Good morning. I'm working in Responsys Interact, which is an Oracle-based email campaign management type SAAS product. I'm creating a query to basically filter a target list for an email campaign designed to target a specific sub-set of our master email contact list. Here's the query I created a few weeks ago that appears to work:

/*

 Table              Symbolic Name   
 CONTACTS_LIST          $A$   
 Engaged                $B$   
 TRANSACTIONS_RAW       $C$   
 TRANSACTION_LINES_RAW  $D$  

-- A Responsys Filter (Engaged) will return only an RIID_, nothing else, according to John @ Responsys....so,....let's join on that to contact list...

*/
SELECT     
DISTINCT $A$.EMAIL_ADDRESS_,   
$A$.RIID_,     
$A$.FIRST_NAME,      
$A$.LAST_NAME,     
$A$.EMAIL_PERMISSION_STATUS_         

FROM   
$A$      
JOIN   $B$  ON  $B$.RIID_ = $A$.RIID_             
LEFT JOIN   $C$  ON  $C$.EMAIL_ADDRESS_ = $A$.EMAIL_ADDRESS_       
LEFT JOIN   $D$  ON  $D$.TRANSACTION_ID = $C$.TRANSACTION_ID         

WHERE   
$A$.EMAIL_DOMAIN_ NOT IN ('none.com', 'noemail.com', 'mailinator.com', 'nomail.com')  AND   
/* don't include hp customers */   
$A$.HP_PLAN_START_DATE IS NULL   AND    
$A$.EMAIL_ADDRESS_ NOT IN 
(
    SELECT   
    $C$.EMAIL_ADDRESS_      

    FROM 
    $C$      
    JOIN $D$ ON $D$.TRANSACTION_ID = $C$.TRANSACTION_ID      

    WHERE 
    /* Get only purchase transactions for certain item_id's/SKU's */
    ($D$.ITEM_FAMILY_ID IN (3,4,5,8,14,15) OR $D$.ITEM_ID IN (704,769,1893,2808,3013) ) AND    
    /* .... within last 60 days (i.e. 2 months) */  
    $A$.TRANDATE > ADD_MONTHS(CURRENT_TIMESTAMP, -2) 
)
;

This seems to work, in that if I run the query without the sub-query, we get 720K rows; and if I add back the 'AND NOT IN...' subquery, we get about 700K rows, which appears correct based on what my user knows about her data. What I'm (supposedly) doing with the NOT IN subquery is filtering out any email addresses where the customer has purchased certain items from us in the last 60 days.

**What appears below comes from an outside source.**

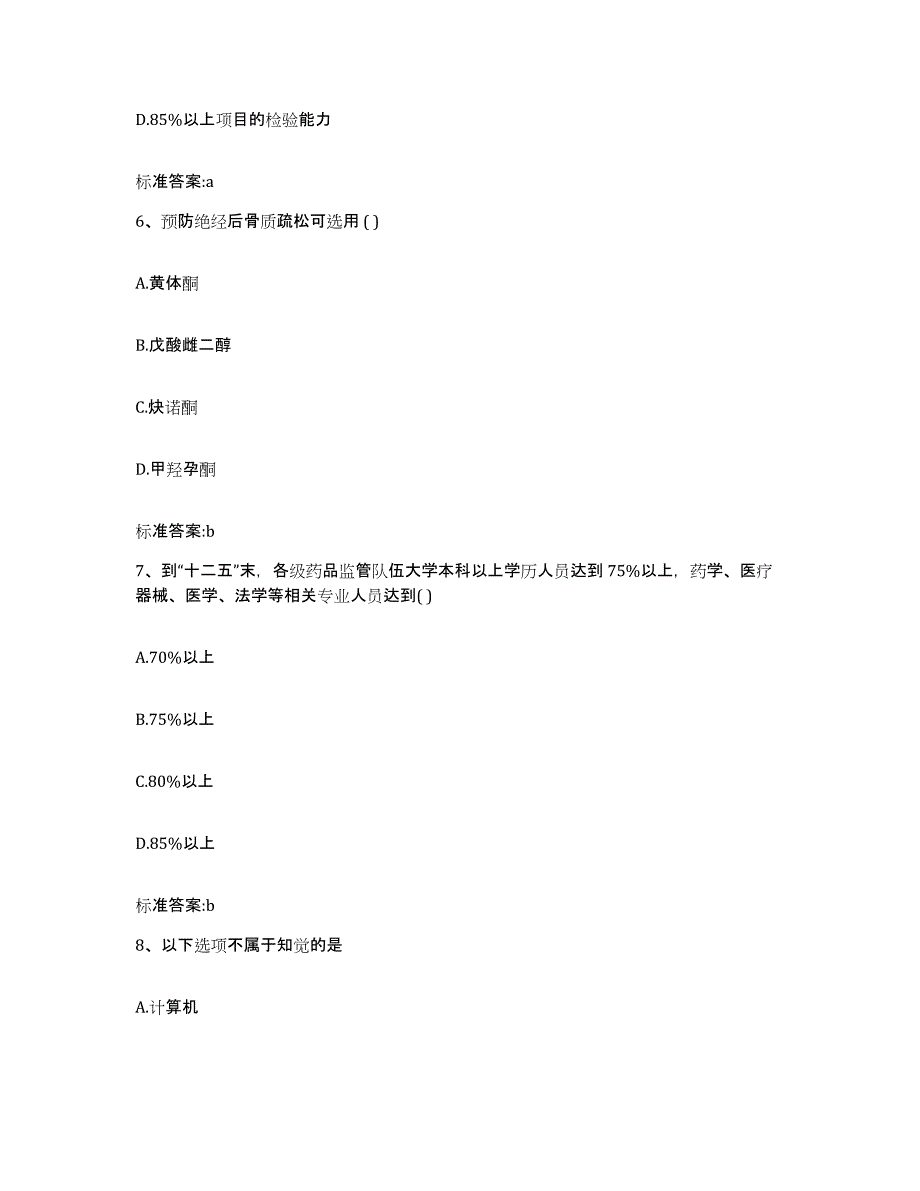 2022年度云南省昆明市寻甸回族彝族自治县执业药师继续教育考试模拟考试试卷B卷含答案_第3页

So, now I need to add in another constraint. We still don't want customers who made certain purchases in the last 60 days as above, but now also we want to exclude customers who have purchased another particular item, but now within the last 12 months. So, I thought I would add another subquery, as shown below. Now, this has introduced several problems:

  1. Performance - the query, which took a couple minutes to run before, now takes quite a few more minutes to run - in fact it seems to time out....
  2. So, I wondered if there's an issue having two subqueries, but before I went to think about alternatives to this, I decided to test my new subquery by temporarily deleting the first subquery, so that I had just one subquery similar to above, but with the new item = 11 and within the last 12 months logic. And so with this, the query finally returned after a few minutes now, but with zero rows.
  3. Trying to figure out why, I tried simply changing the AND NOT IN (subquery) to AND IN (subquery), and that worked, in that it returned a few thousand rows, as expected.
  4. So why would the same SQL when using AND IN (subquery) "work", but the exact same SQL simply changed to AND NOT IN (subquery) return zero rows, instead of what I would expect which would be my 700 something thousdand plus rows, less the couple thousand encapsulated by the subquery result?
  5. Also, what is the best i.e. most performant way to accomplish what I'm trying to do, which is filter by some purchases made within one date range, AND by some other purchases made within a different date range?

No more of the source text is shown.